In terms of predictive analytics and image recognition, AI may soon become more effective than physicians, who cannot handle millions of images in any reasonable timeframe. This has led to some concern that AI-based systems will replace physicians, especially radiologists. One narrative suggests that AI will interpret even the most complex clinical images as accurately as today’s most experienced radiologists and eventually replace radiologists (Pearson, 2017). The contrarian view is that this will not happen; rather AI will augment radiologists but not replace them (Pearson, 2017). There is yet another middle of the road view that at some point in the future AI will indeed replace radiologists, but it is not worth worrying about as that will happen in the distant future (Pearson, 2017). While it is difficult to project the impact of AI on radiologists in the future, Recht et al. provide a nuanced opinion in (Recht & Bryan, 2017a) that “AI will become a routine part of radiologists’ daily lives, making their work more efficient, accurate, and valuable”. AI-based machines will perform routine reading tasks such as quantification and segmentation and help free up radiologists to “perform more value-added tasks, such as integrating patients’ clinical and imaging information, having more professional interactions, becoming more visible to patients and playing a vital role in integrated clinical teams to improve patient care.” (Recht & Bryan, 2017a).

Looking beyond radiologists and considering physicians generally, it seems a reasonable prediction that AI are likely to augment physicians rather than replace them. There are several limitations of AI that lead one to this conclusion. AI cannot yet replace doctors at the bedside, given its limitations. Krittanawong (2018) points out that AI “cannot engage in high-level conversation or interaction with patients to gain their trust, reassure them, or express empathy, all important parts of the doctor–patient relationship.” Though one might speculate that this may change at some point in the future with AI being able to make a medical conversation. For example, Google demonstrated a phone call of its AI assistant in their Google I/O 2018 conference.

Physicians are still needed for traditional physical exams, especially in areas such as neurology, which require high-level patient-physician interaction and critical thinking (Krittanawong, 2018). Finally, even though AI may reach the point where it can conduct real-time CT scans or other physical scans, physicians will still be needed for interpretation in ambiguous and challenging cases. AI-based systems are based on precedence in the case of ML and DL, but such algorithms can underperform in novel or unusual cases of drug side effects or treatment resistance where there is no prior example to build on. For these reasons it can be concluded that AI-based systems will support the skills of physicians and are unlikely to replace the traditional physician–patient relationship.

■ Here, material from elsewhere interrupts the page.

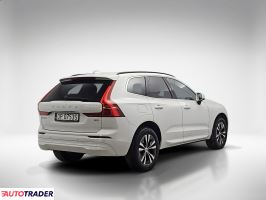 Volvo XC60 2022 2.0 197 KM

The avalanche of medical data in the form of clinical, genomic, and imaging data is only likely to accelerate as precision and personalize medicine matures. Consequently, for the foreseeable future medicine in the future medicine is likely to be even more data-dependent with the synergy between medicine and AI technology becoming more pronounced. In recognition of this important trend in modern medicine, medical schools are strengthening their emerging technology curricula. New courses are being offered by medical schools in technology infrastructure, ML, DL, and data management alongside their biology classes (Dyche, 2018).

AI will support the future needs of medicine by analyzing the vast amounts and various forms of data that patients and healthcare institutions record in every moment. AI is likely to support and augment physicians by taking away the routine parts of a physician’s work hopefully enabling the physician to spend more precious time with their patients, improving the human touch. While AI is unlikely to replace physicians in the foreseeable future, it is incumbent on medical professionals to learn both the fundamentals of AI technology as well as how AI-based solutions can help them at work in providing better outcomes to their patients. Or, it might come to pass that physicians who use AI might replace physicians who are unable to do so.